DJ's Detritus

A Creative Writing Class Dropout's Last Refuge

Wednesday, August 23, 2006

Snap, Cackle, Pop

It ain’t easy being me. I would sometimes like to return to the halcyon days before my blog made me famous. I could just write for fun back then. Now the demands on my time are almost oppressive. Despite exhortations from my #2 reader to document our weekend, he needs to understand that a creative genius needs time. He must think this blog thing is a snap. But as W said eleven times during one of the 2004 presidential debates, “It’s hard work”.

I spent this past weekend up in Murphys, CA, gold country in the Sierra foothills, with #1, #2 and The Belgian. Our families came along as well but we managed to ignore them most of the time. Saturday afternoon the numbers and I did some wine tasting. I tried to impress them with the breadth of my oenological knowledge. When a Viognier was poured, I stated, with an air of insouciance, that it tasted like white wine. #1 spent most of the time schmoozing the winemaker’s brother, who carries the official title of The Winemaker’s Brother. It turns out #1 helped them get a new account in our lovely suburban neck of the woods. I hope that’s good for a few bottles of Zin. Just as we were leaving, The Belgian showed up. That guy has to work on his timing.

We went out to dinner Saturday night, with a couple bottles of red we had picked up on our afternoon tour. The men sat on one side of the table, the women on the other. The women got a little raucous but the guys took it in stride, though after a few stares from the other diners we had to quiet them. Somebody referred to the “cackle” a couple times, I can’t recall who, right before we made them pay for dinner. They’re off on a ladies weekend next month so they’re on their on, which means they’ll probably get kicked out of a few establishments.

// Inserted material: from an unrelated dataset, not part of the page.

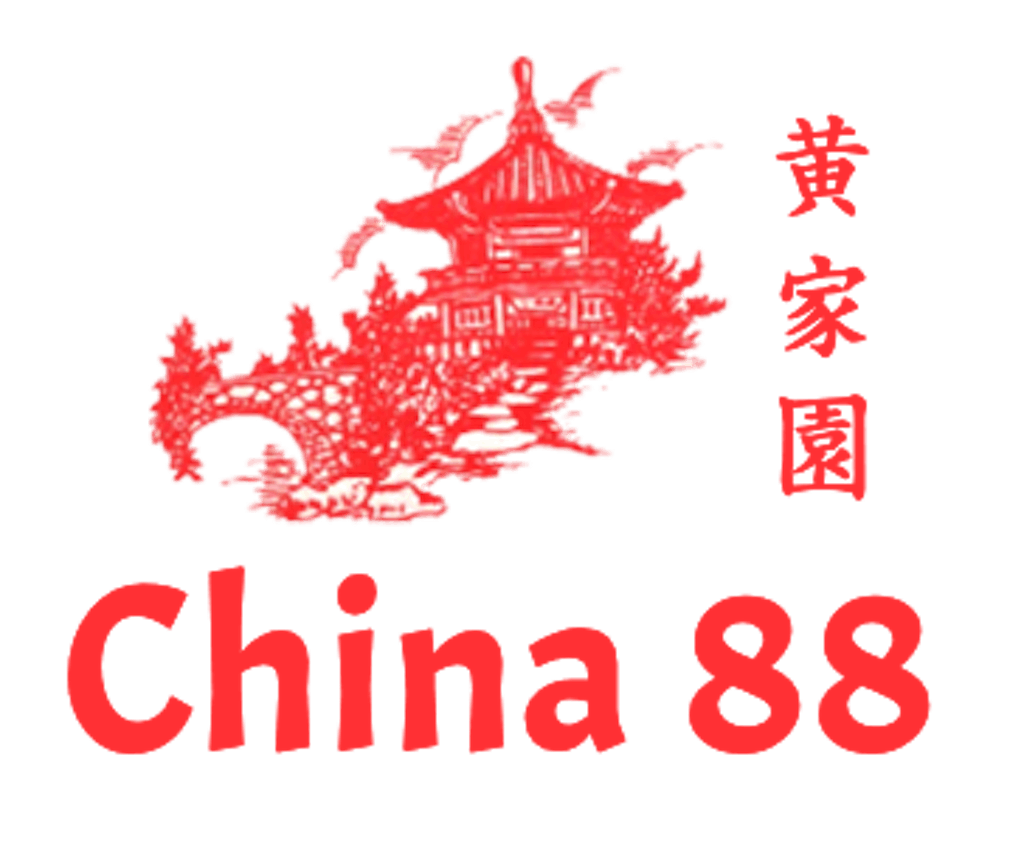 China 88 Logo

Our hotel accommodations were stellar. They had a nice little pool that we dominated most of the weekend. The cement pond had a strict no food and beverage policy which we wantonly violated. My family rented the luxury suite, the only one in the place, which became party central. The suite came with a couch that converted into a deformed bed, a mini-fridge and sink. The kids spent a lot of their time there when they weren’t out at the pool or wandering around the town. We even had two TVs. We spare no expense.

We hit the road Sunday, but not before spending a few hours at a local park, which I think my wife may have described as “cute”. There was a stream running through it and some of the kids decided to wade in. There was a big crowd at another section of the park. We later found out that the Governator was due in town that day. We decided to bail out before he arrived to shake babies and kiss hands.

OK, my creative juices are drained so that’s a wrap. It’s time to go pour a pop.